**INSTRUCTIONS FOR THE TASK:**
Your output should be the lines below from the one holding "a view of a" through the one holding "Gold wave ring", transcribed exactly, with no pictures.

**INPUT RECORDS:**
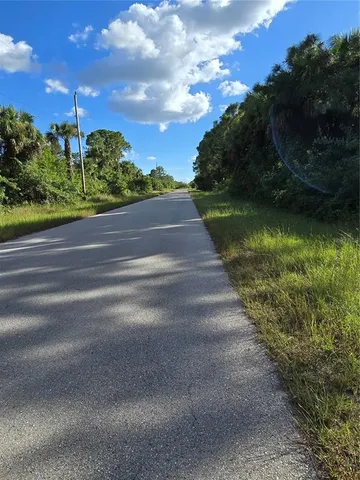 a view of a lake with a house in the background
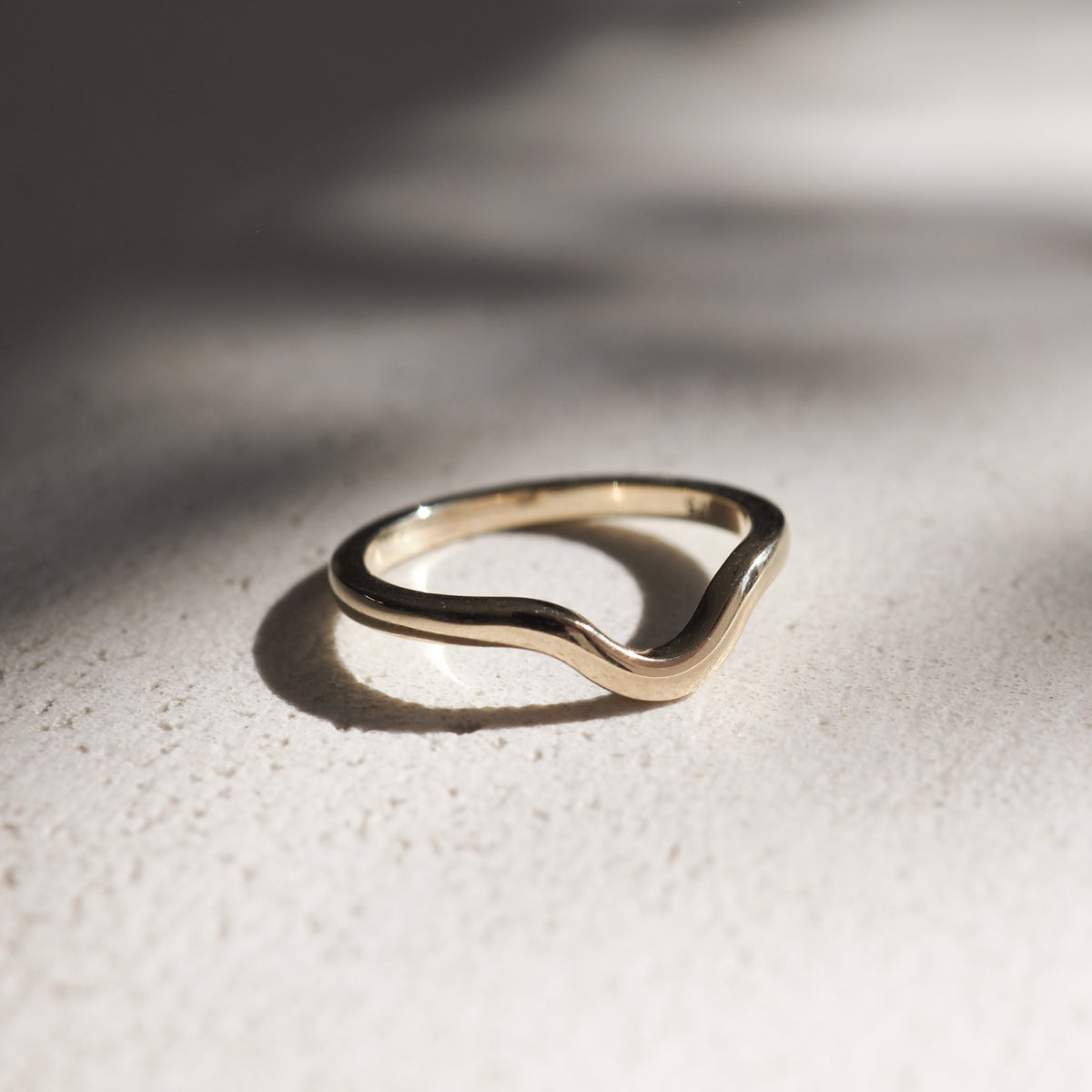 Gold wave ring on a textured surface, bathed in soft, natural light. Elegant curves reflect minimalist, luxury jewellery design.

==

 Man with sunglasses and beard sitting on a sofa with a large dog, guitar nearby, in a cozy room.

---

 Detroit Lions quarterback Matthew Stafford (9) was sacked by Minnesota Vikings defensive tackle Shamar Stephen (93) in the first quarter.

**ANSWER SPACE:**
 a view of a lake with a house in the background
 Gold wave ring on a textured surface, bathed in soft, natural light. Elegant curves reflect minimalist, luxury jewellery design.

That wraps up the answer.